Paper Structure (30 sections, 6 equations, 13 figures, 10 tables)

This paper contains 30 sections, 6 equations, 13 figures, 10 tables.

Figures (13)

  • Figure 1: Comparison among: (a) single-view plane reconstruction framework, (b) conventional depth-based MVS framework, (c) the proposed multi-view plane reconstruction framework. Our system employs slanted plane hypotheses for plane-sweeping to build the plane MVS branch, which interacts with the plane detection branch. The two branches can benefit from each other.
  • Figure 2: The architecture of our proposed plane MVS head.
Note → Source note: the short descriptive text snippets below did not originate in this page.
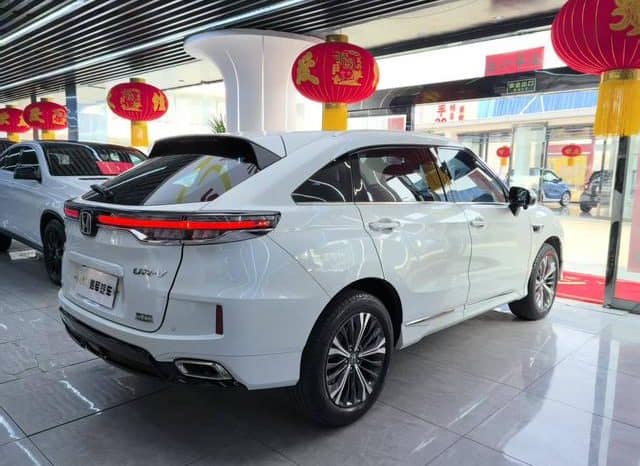 
								Honda UR-V, 2021 full									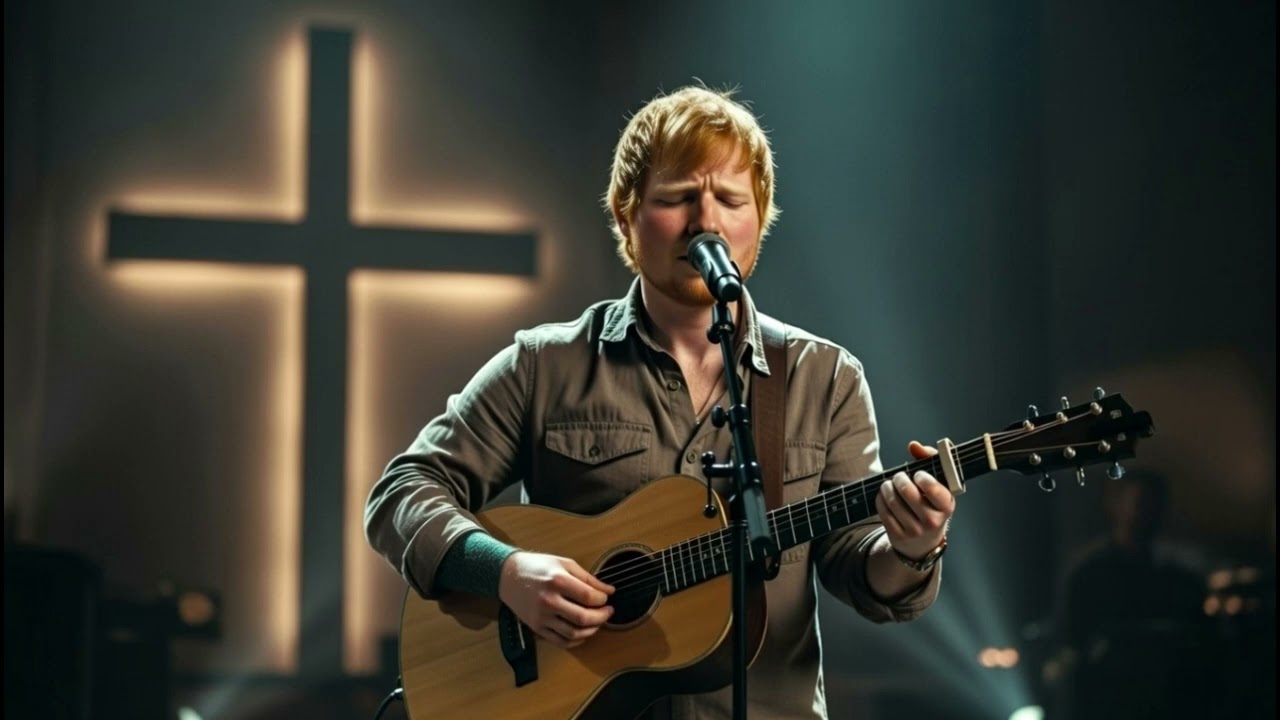 Here I Am Again | Deep Christian Worship Chant • Acoustic Prayer (Ed Sheeran–Style)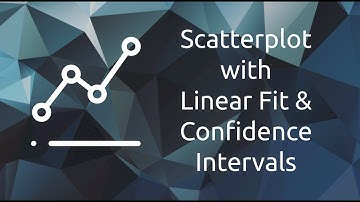 Graphs in STATA: Scatterplot with Linear Fit & Confidence Intervals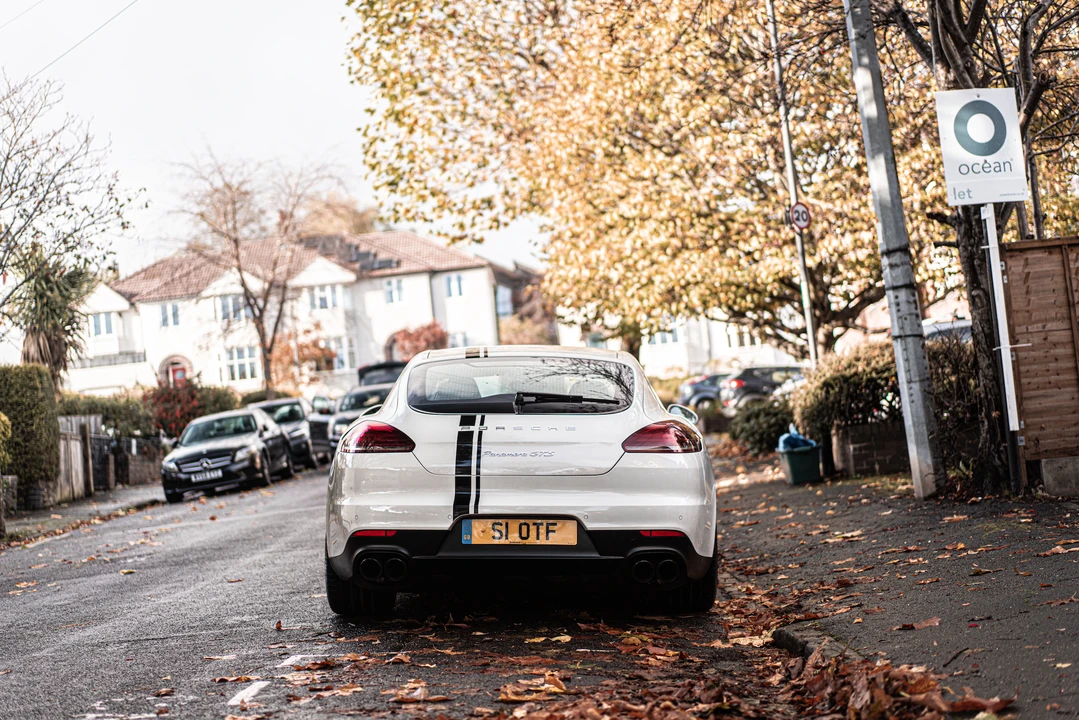 2014 Porsche 970 Panamera GTS - Image 13 of 31
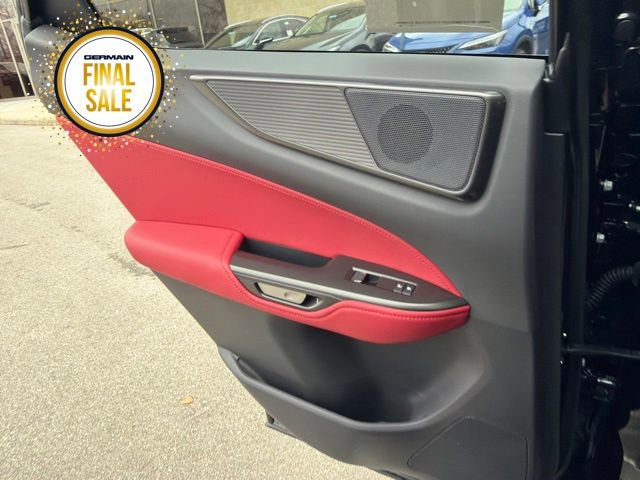 New 2026 Lexus NX 350 F Sport image 14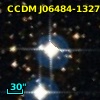 CCDM J06484-1327AB
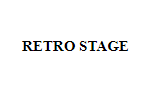  Retro Stage Promo-Codes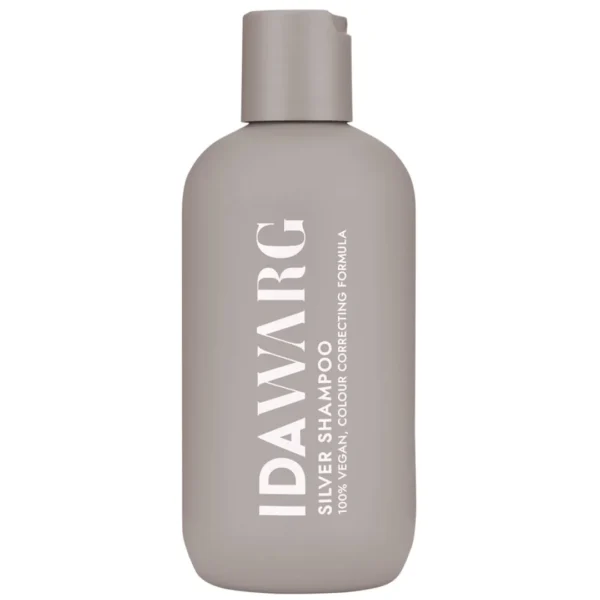 IDA WARG Silver Szampon do włosów, 250 ml - obrazek 2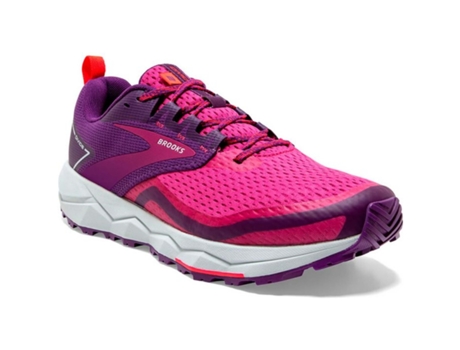 Zapatillas de Mujer BROOKS Divide Rosa (39)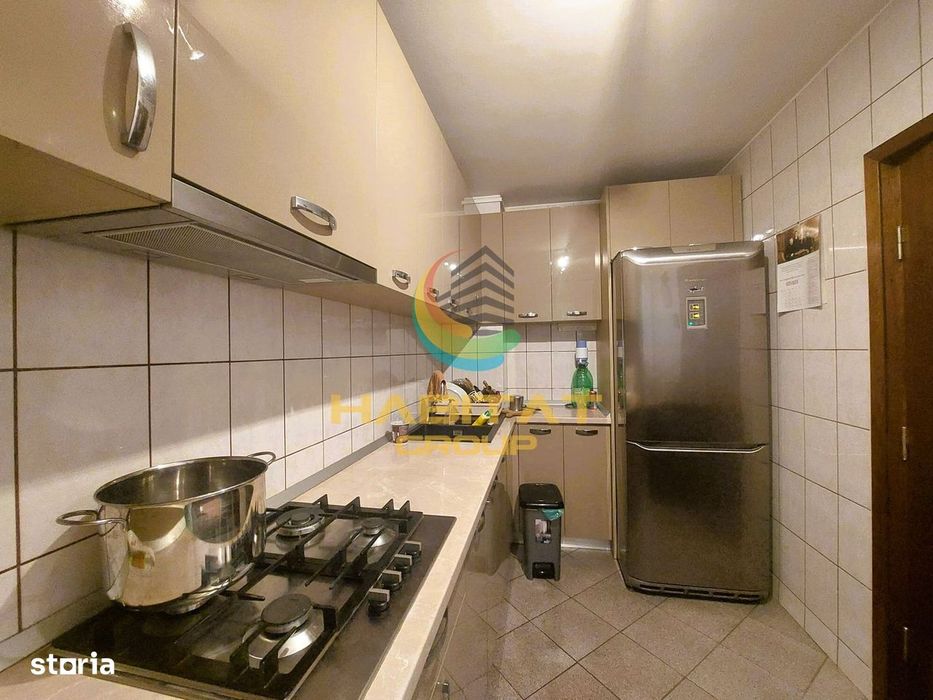 Apartament 3 Camere 68mp Brancoveanu
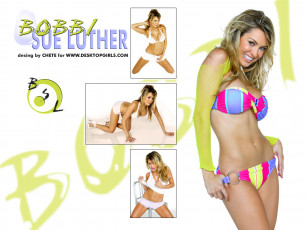 Картинка Bobby+Sue+Luther девушки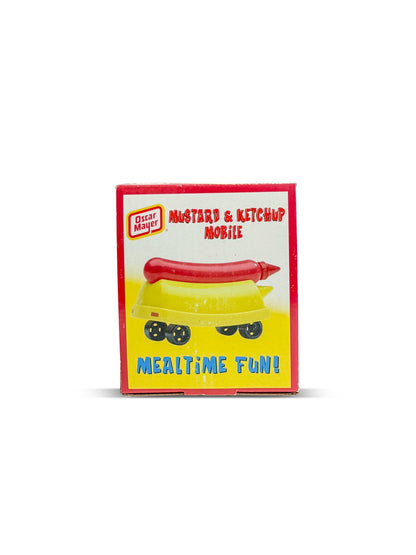 OSCAR MAYER MUSTARD&KETCHUP MOBILE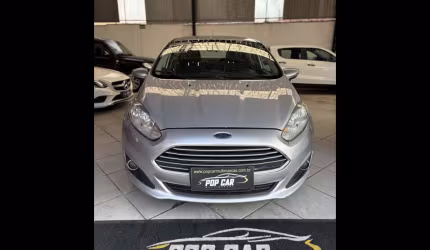 Fiesta se 1.6 8v flex 5p
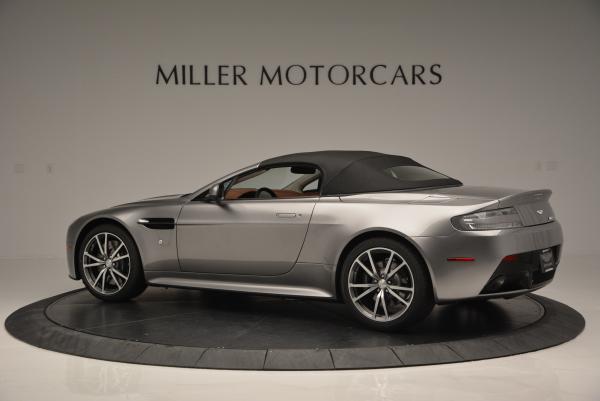 New 2016 Aston Martin V8 Vantage S for sale Sold at Bugatti of Greenwich in Greenwich CT 06830 16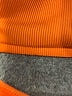Unbranded Solid Orange Two Piece Swimsuit Size M (estimated) - photo 3
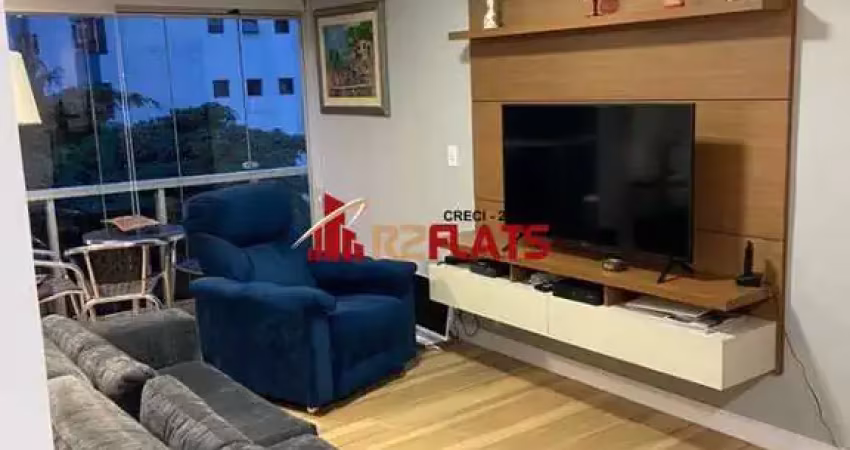 Flat com ótimo preço no bairro vila nova conceição. confira!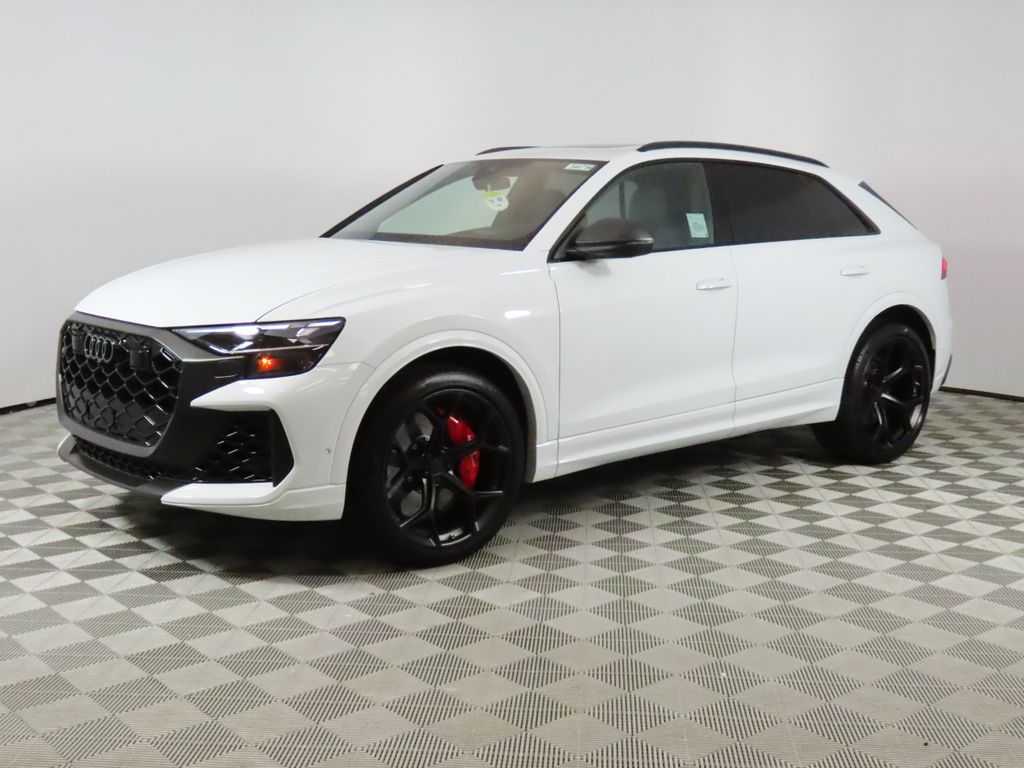 2026 Audi RS Q8 -'s photo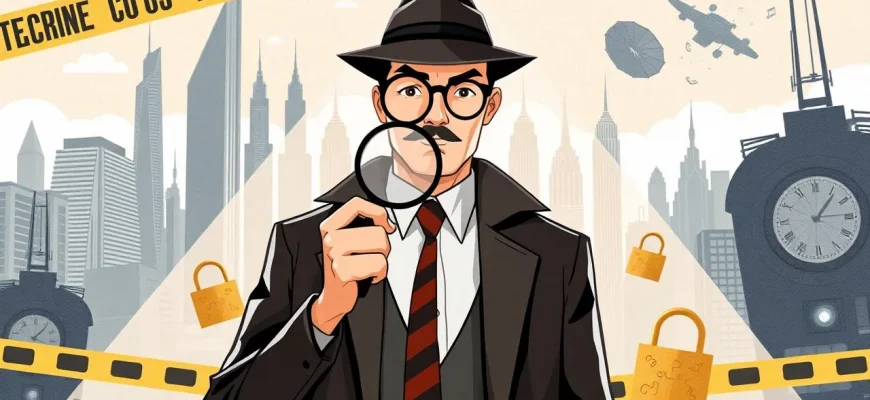 Detective Engineer Films: A Unique Collection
It consists of a plane regression module to regress initial pixel-level plane parameters and a plane refinement module to refine the initial prediction. The key difference of our work from conventional MVS methods is that we apply slanted plane hypotheses for homography warping. The loss objectives during training are omitted for simplicity.
  • Figure 3: Qualitative results of reconstructed depth maps on ScanNet dai2017scannet. "PlaneMVS-pixel" denotes the depth reconstructed from pixel-level plane parameters. "PlaneMVS-final" denotes the final depth from the instance plane parameters after plane soft-pooling. Regions with salient differences between our results and others are highlighted with blue and red boxes. Best viewed on screen with zoom-in.
  • Figure 4: Qualitative results of plane detection on ScanNet dai2017scannet. The regions with salient differences between our method and PlaneRCNN are highlighted with red boxes.
  • Figure 5: Plane hypothesis distribution of the three axes.